There is another resolution taken among us, which I fear will give a greater and more general discontent, and is of so singular a nature that I have hardly confidence enough to mention it, although it be absolutely necessary by way of apology for so bold and unpopular an attempt. But so it is, that we have taken a desperate counsel, to produce into the world every distinguished action either of justice, prudence, generosity, charity, friendship, or publick spirit, which comes well attested to us. And although we shall neither here be so daring as to assign names, yet we shall hardly forbear to give some hints, that perhaps to the great displeasure of such deserving persons, may endanger a discovery. For we think that even virtue itself should submit to such a mortification, as by its visibility and example will render it more useful to the world. But however, the readers of these papers need not be in pain of being overcharged with so dull and ungrateful a subject. And yet who knows, but such an occasion may be offered to us once in a year or two, after we have settled a correspondence round the kingdom.
But, after all our boast of materials sent us by our several emissaries, we may probably soon fall short, if the town will not be pleased to lend us farther asistance toward entertaining itself. The world best knows its own faults and virtues, and whatever is sent shall be faithfully returned back, only a little embellished according to the custom of authors. We do therefore demand and expect continual advertisements in great numbers to be sent to the printer of this paper, who has employed a judicious secretary, to collect such as may be most useful for the publick.

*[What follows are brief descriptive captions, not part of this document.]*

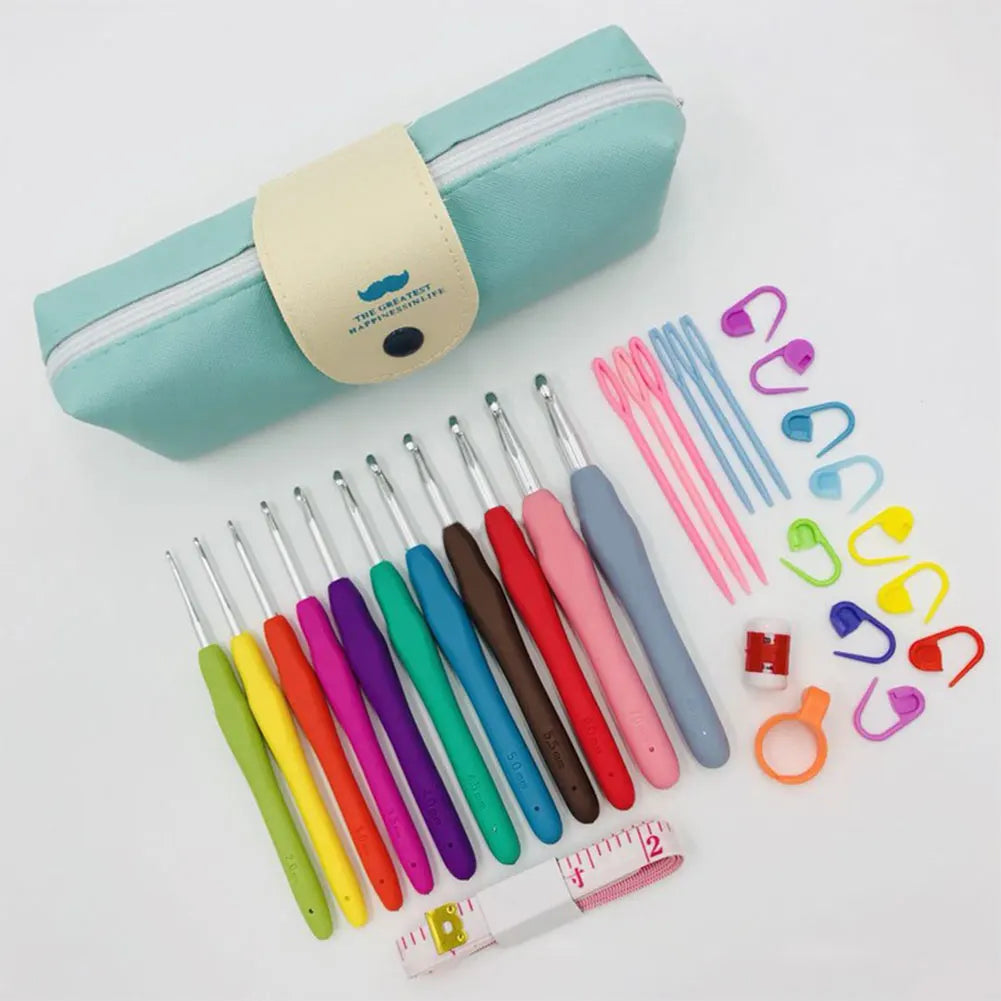 Crochet Hook Kit with Storage Bag Soft Handle Aluminum Needles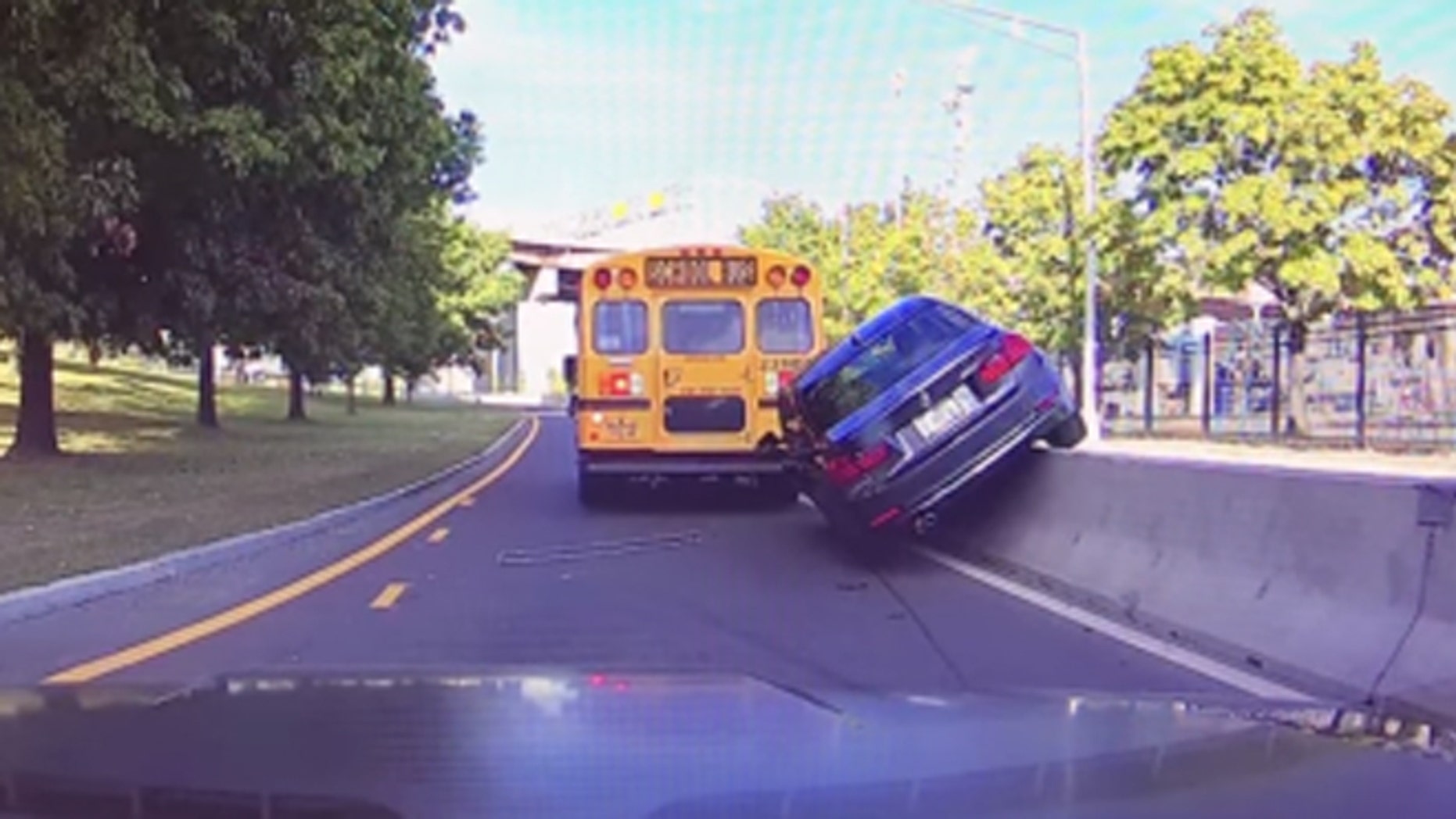 Bmw Comes To Stop Atop Construction Barrier After Nearly Striking 1761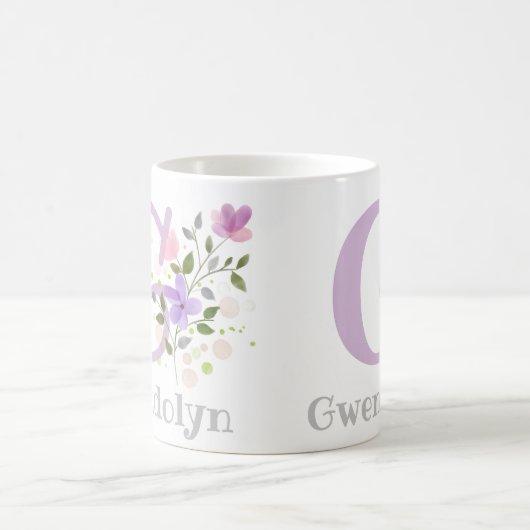 Mug Premier nom initial plus nom Gwendolyn avec fleurs (Centre)
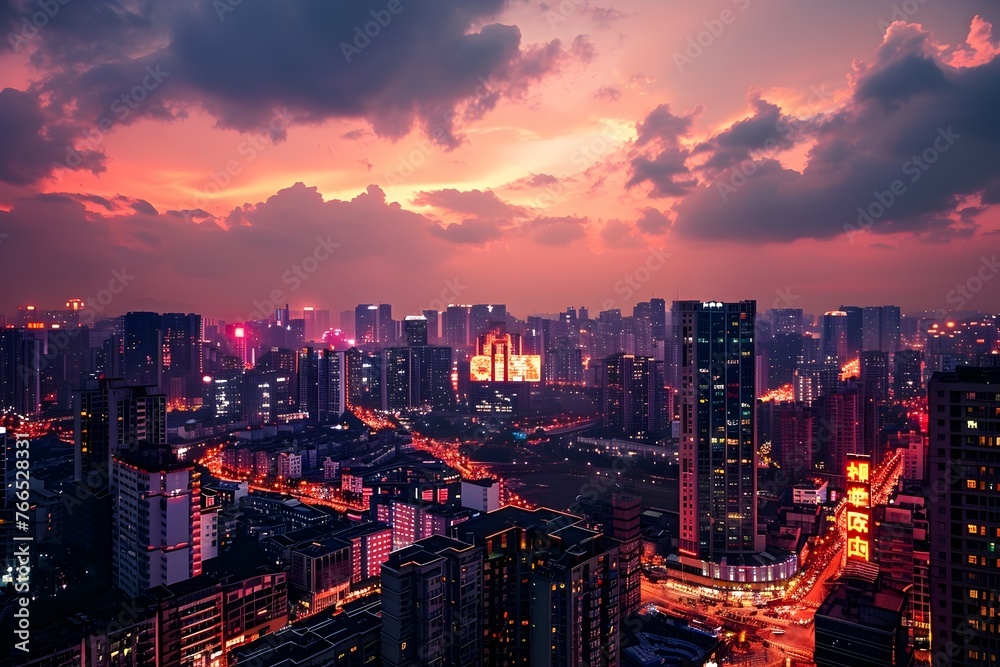 Thriving Metropolis Cityscape Dazzling in Vibrant Sunset Colors and Glowing Lights across Soaring Skyscrapers and Bustling Urban Landscape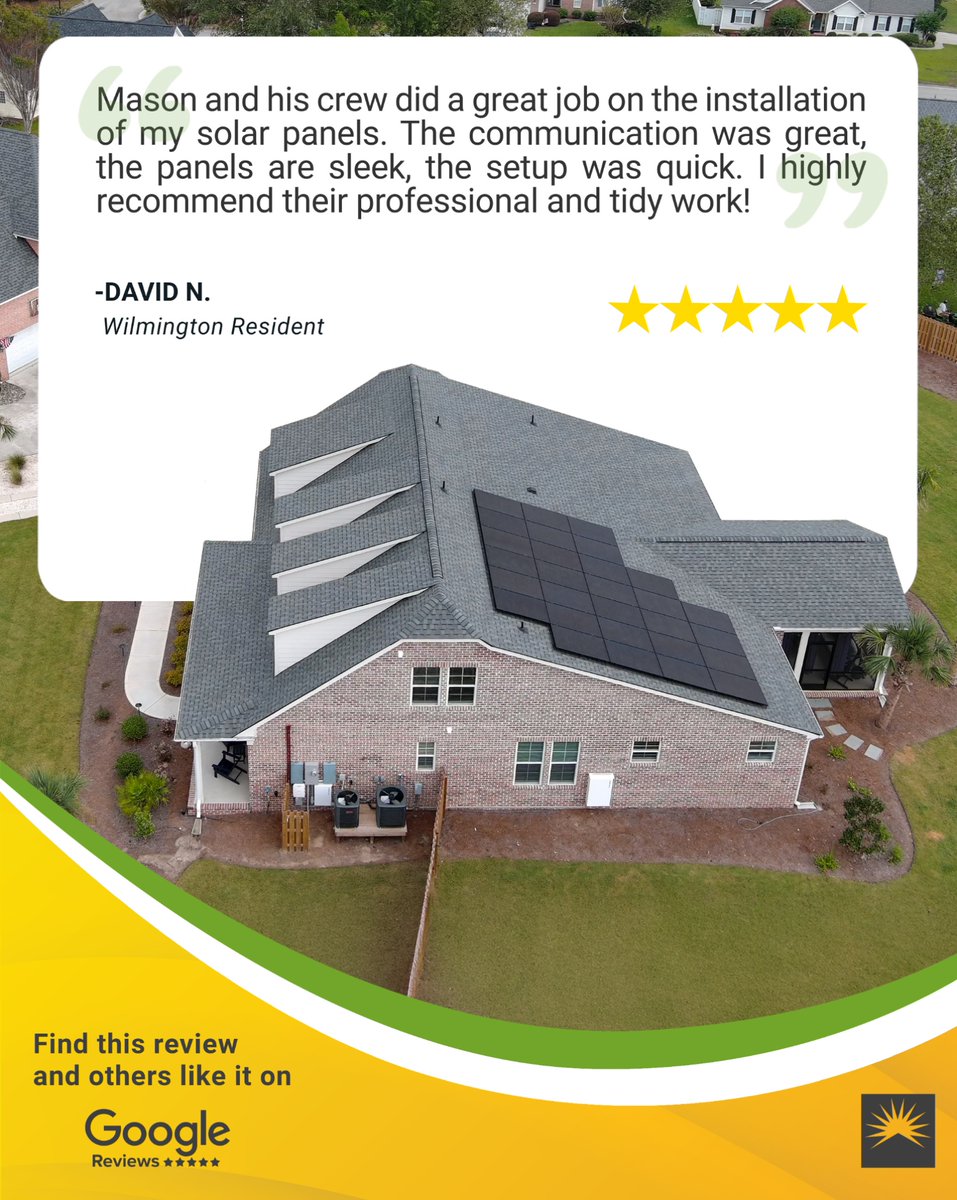 CapeFearSolar's tweet image. We take pride in executing clean and efficient solar installations. Thank you, David, for the kind review! 

#customerreview #solarreview #solarcompany #customerexperience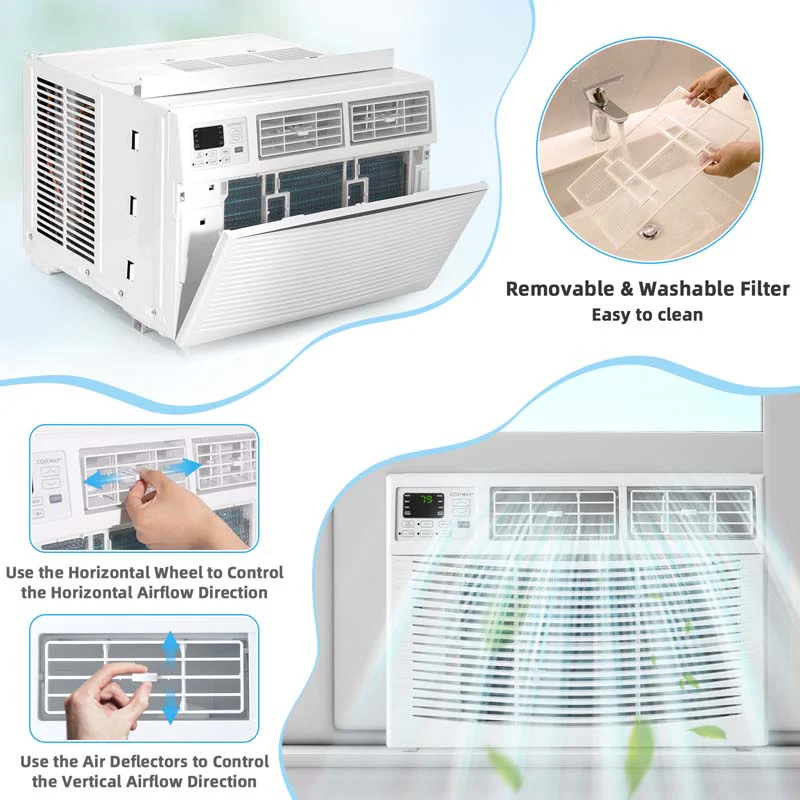 10000 Btu Quiet Window Air Conditioner With Remote Amp Eco Mode Energy Star Certified 3 In 1 Window Ac Unit With Dehumidifier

And although we do not intend to expose our own persons by mentioning names, yet we are so far from requiring the same caution in our correspondents, that, on the contrary, we expressly charge and command them, in all the facts they send us, to set down the names, titles, and places of abode at length; together with a very particular description of the persons, dresses, dispositions of the several lords, ladies, 'squires, madams, lawyers, gamesters, toupees, sots, wits, rakes, and informers, whom they shall have occasion to mention; otherwise it will not be possible for us to adjust our style to the different qualities and capacities of the persons concerned, and treat them with the respect, or familiarity, that may be due to their stations and characters, which we are determined to observe with the utmost strictness, that none may have cause to complain.